The actual conscience of the story was social worker Cora (Diana Sands who tragically was dead by the time this was released) who is endeavouring to sort out the lives of the prostitutes who pass by as she sits in the courtroom, and to do that she goes after their bosses. In this case she has made it her goal in life to bring down Mr Dynamite (possibly not his given name), and to do so she targets Pashen when the girl is arrested; it's all going to plan as she scares her into thinking Cora is the only one who can help when Willie appears with a lawyer and Pashen runs into his waiting arms, frustrating Cora once again. But she's not going to give in without a fight, contrasting her very upstanding but understanding form of community concern with the title character's wickedness.

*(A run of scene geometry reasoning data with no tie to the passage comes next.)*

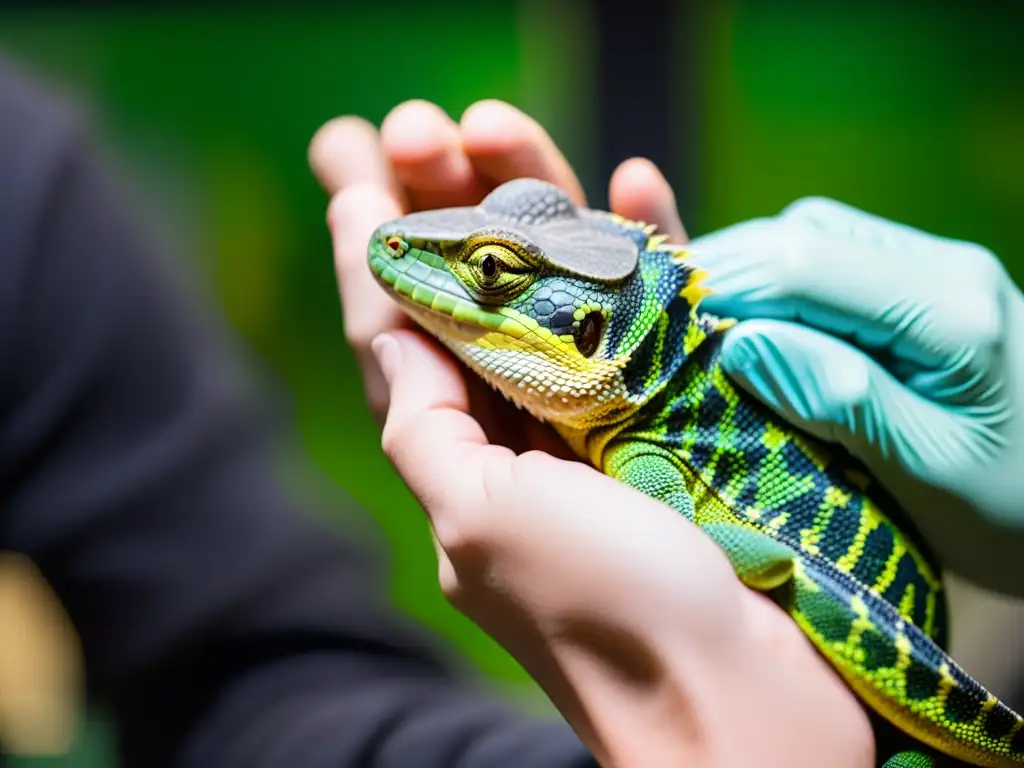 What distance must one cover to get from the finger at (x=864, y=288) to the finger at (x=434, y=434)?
345mm

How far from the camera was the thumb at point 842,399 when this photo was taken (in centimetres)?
107

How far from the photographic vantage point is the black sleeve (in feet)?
4.99

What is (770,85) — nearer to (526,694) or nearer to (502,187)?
(502,187)

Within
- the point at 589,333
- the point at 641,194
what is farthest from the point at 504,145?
the point at 589,333

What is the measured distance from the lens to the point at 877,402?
108 cm

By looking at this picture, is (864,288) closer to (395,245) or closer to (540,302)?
(540,302)

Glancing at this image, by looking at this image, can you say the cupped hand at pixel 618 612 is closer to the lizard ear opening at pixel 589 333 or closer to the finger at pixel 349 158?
the lizard ear opening at pixel 589 333

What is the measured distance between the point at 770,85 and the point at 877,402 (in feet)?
4.45

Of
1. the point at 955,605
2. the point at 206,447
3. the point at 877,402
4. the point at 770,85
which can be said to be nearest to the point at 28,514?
the point at 206,447

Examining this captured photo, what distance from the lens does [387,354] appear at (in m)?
1.15

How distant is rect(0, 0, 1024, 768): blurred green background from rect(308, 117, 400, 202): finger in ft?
2.72

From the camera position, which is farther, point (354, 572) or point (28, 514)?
point (354, 572)

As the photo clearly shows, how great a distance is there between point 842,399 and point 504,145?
0.54m

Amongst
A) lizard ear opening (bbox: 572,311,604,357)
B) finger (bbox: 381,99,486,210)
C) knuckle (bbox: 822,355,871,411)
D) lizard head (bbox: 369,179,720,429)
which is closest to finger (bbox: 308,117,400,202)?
finger (bbox: 381,99,486,210) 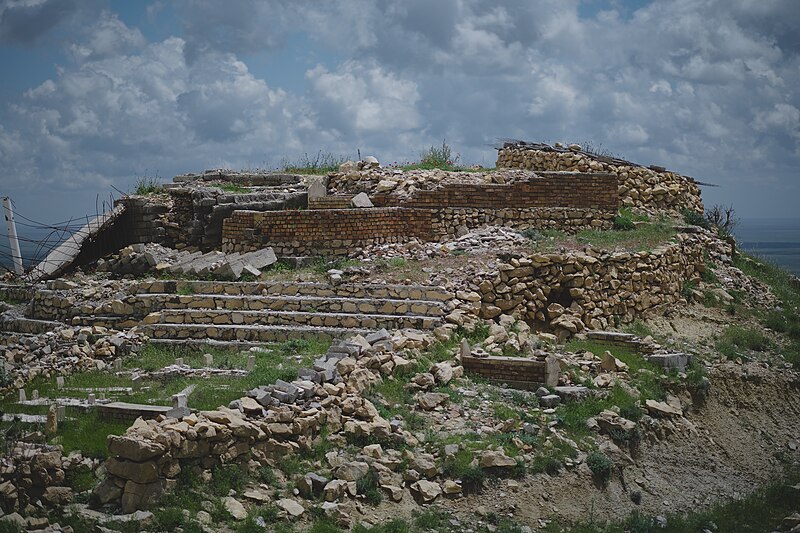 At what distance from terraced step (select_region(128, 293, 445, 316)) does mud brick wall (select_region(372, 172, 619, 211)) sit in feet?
14.4

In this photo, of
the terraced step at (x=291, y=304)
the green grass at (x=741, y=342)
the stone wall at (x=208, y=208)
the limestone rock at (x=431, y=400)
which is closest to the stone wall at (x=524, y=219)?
the stone wall at (x=208, y=208)

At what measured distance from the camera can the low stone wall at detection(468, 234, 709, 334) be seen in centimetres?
1516

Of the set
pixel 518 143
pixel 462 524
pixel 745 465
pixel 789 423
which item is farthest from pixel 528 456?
pixel 518 143

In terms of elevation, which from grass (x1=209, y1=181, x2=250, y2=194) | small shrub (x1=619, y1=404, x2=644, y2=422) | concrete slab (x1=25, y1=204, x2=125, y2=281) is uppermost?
grass (x1=209, y1=181, x2=250, y2=194)

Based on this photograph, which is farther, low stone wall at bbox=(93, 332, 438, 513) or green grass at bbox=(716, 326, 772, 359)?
green grass at bbox=(716, 326, 772, 359)

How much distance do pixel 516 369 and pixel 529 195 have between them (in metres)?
6.95

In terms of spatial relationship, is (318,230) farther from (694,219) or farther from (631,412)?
(694,219)

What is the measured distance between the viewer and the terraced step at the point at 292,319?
14172 mm

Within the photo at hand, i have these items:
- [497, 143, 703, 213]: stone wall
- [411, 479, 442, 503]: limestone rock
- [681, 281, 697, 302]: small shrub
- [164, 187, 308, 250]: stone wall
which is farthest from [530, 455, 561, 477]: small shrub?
[497, 143, 703, 213]: stone wall

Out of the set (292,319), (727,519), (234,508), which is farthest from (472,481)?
(292,319)

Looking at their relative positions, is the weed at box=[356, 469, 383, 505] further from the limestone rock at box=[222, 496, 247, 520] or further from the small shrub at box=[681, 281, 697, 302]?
the small shrub at box=[681, 281, 697, 302]

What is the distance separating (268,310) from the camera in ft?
48.6

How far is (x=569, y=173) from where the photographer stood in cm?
1931

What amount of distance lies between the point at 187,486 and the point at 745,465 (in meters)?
8.16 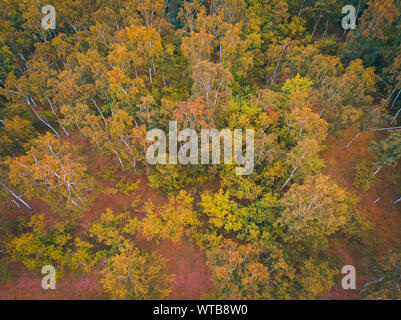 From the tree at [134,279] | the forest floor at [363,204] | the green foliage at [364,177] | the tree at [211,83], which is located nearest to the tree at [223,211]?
the tree at [134,279]

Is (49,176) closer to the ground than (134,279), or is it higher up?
higher up

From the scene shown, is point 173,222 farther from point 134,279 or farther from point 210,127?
point 210,127

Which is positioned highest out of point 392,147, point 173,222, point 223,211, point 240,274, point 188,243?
point 392,147

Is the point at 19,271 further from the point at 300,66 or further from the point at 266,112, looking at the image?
the point at 300,66

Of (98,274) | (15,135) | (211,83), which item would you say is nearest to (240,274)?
(98,274)

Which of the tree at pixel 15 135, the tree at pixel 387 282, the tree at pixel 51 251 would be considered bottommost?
the tree at pixel 387 282

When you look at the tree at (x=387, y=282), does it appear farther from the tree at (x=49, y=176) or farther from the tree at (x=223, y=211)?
the tree at (x=49, y=176)

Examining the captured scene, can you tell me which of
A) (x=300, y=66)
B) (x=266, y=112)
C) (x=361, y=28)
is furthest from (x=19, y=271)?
(x=361, y=28) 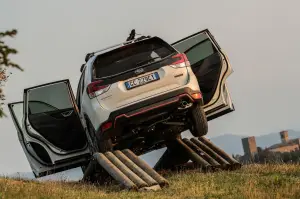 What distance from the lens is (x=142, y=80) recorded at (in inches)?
333

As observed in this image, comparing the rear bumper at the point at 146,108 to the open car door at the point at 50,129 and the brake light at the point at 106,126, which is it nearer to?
the brake light at the point at 106,126

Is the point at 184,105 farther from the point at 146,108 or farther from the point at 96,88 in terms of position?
the point at 96,88

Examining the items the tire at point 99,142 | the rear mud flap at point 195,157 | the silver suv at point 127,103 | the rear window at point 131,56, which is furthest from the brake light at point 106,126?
the rear mud flap at point 195,157

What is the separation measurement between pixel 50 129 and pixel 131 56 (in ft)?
8.92

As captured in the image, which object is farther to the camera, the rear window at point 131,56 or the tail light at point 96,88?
the rear window at point 131,56

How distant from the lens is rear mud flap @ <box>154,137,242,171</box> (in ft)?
31.9

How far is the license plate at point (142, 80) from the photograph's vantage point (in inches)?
333

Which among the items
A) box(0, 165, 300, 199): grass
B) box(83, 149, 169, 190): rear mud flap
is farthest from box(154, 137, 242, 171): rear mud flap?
box(83, 149, 169, 190): rear mud flap

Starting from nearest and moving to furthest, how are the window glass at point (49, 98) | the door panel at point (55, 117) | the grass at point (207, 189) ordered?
the grass at point (207, 189) < the door panel at point (55, 117) < the window glass at point (49, 98)

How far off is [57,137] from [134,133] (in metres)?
2.18

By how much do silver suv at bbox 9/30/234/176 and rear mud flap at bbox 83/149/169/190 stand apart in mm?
266

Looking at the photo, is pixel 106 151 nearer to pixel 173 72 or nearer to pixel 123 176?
pixel 123 176

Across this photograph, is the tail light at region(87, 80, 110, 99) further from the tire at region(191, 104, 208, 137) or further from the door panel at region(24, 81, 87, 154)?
the door panel at region(24, 81, 87, 154)

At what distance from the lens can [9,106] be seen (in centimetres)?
1068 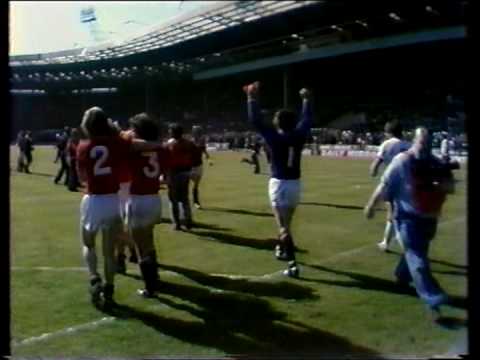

This could have come across like a public information film bulked up to feature length, but there was humour and style here within the limits of the typically low budget blaxploitation work, and most of the budget appeared to have gone on Willie's clothes. His fashion sense is outrageous, patently the inspiration for Antonio Fargas in the spoof I'm Gonna Git You Sucka with its bright colours, furs, gold lame, brown leather, so much so that you wonder if Moses was actually making a spoof himself by decking Orman out in those threads. It's a canny way of keeping things interesting visually, and that's not even mentioning Willie's purple and gold Cadillac which he gets to drive in a car chase through derelict New York streets, as was requisite for the day.
The dialogue is likewise over the top and slangy, but never patronising or pandering because an excellent cast sell it with both sincerity and a slightly knowing air, as if to say they were here to tell us something important, but that doesn't mean we can't deliver a movie both dramatic and entertaining. Pashen is ostensibly the battleground between Dynamite and Cora, and boy does she suffer for that, yet after a while we realise the real grit of the story is saving the pimp's soul. He behaves reprehensibly, but he's an attractive persona who we can understand why people would aspire to his lifestyle, so when it starts to slide into desperation for him a strange thing happens in that we gradually feel sorry for Willie. As his plush surroundings are worn away with each successive scene, Orman does a great job of eliciting sympathy in the audience, and for a movie that could have celebrated a criminal lifestyle like the admittedly diverting The Mack does, there are genuine scruples and principles playing out here. Don't dismiss this, it's surprisingly worthwhile. Music by J.J. Johnson.